I continue to be very active on campus. I am still chair of the Western Coalition for Integrity and after a lengthy development, pilot, revision process, we are about to launch a proactive academic integrity training program for incoming students. The idea for this came out of interviews with then journalism students for my doctoral dissertation. So, thank you again! I have also been fortunate enough to present at conferences the past couple of years – on online learning and academic integrity last spring and about PR curricula this spring. It was particularly nice to present in San Antonio because Derek Moscato and Jenny Bettis were both there for the Borderlands conference. A little WWU meet up!

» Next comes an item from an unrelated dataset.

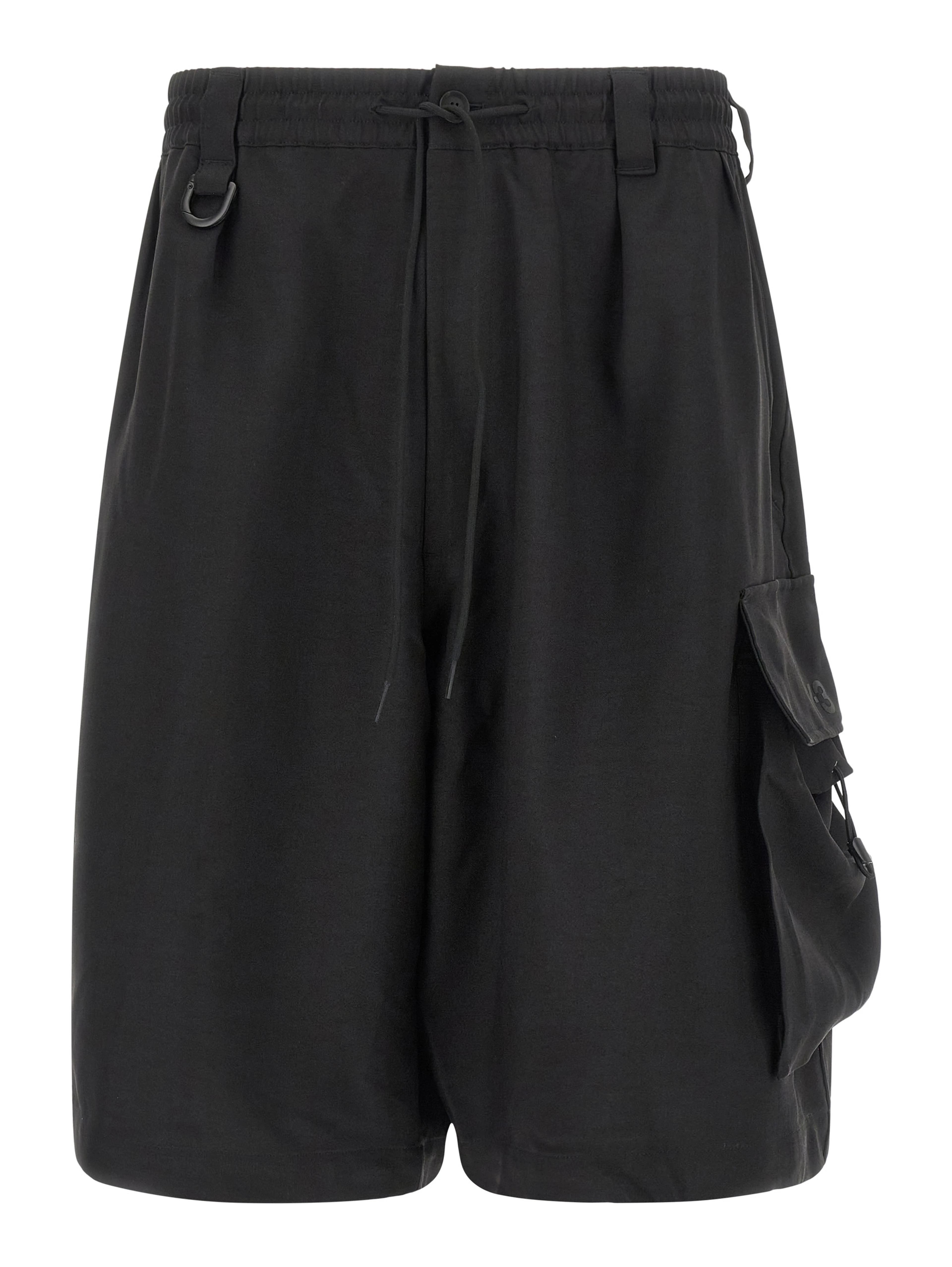 Black Polyester Bermuda Shorts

On the personal side, Mark and I had a lovely trip to France with my parents last June. We spent most of our time in Alsace-Lorraine, with a few days in Paris at the end. We are still working on our new house in anticipation of maybe moving in this fall, or winter, or…. This would be especially good news for Milo, since we bought the house to give him a bigger yard!
Winter 2023 Update: Dr. Derek Moscato
One of the great upsides of working at Western is the opportunity to interface with some of the country’s most impressive natural geographies, including the Salish Sea and North Cascades ecosystems, and also to work with other researchers and students immersed in their own projects about these environments. This interest has led me to a new collaboration with Western’s Border Policy Research Institute devoted to the Skagit River Headwaters, and recent developments which saw significant mining threats to one of the Northwest’s most vital watersheds. It’s a topic that has driven insightful dialogue inside the environmental journalism and strategic communication classrooms.
It has also catalyzed scholarly interest in how green advocates cooperate in cross-border contexts involving Canada and the U.S. My recent research involving the Skagit River’s so-called “Donut Hole” controversy identified three distinct takeaways for cross-border environmental communication. Firstly, in the case of international watersheds, cross-border media flows provide a critical role in serving the public interest, especially if they challenge unilateral state interests or disrupt a veil of environmental secrecy. Secondly, a growing network of media technologies and networks are fostering a wider-range of debate about ecological topics, especially with a growing chorus of NGOs and other voices finding their platforms on Internet blogs and social media. Finally, the infusion of rhetoric in environmental debates—particularly the kind of communication that lends itself to prominent media headlines and cinematic storytelling—drives a persuasive form of narrative that can influence public opinion and policy action across borders.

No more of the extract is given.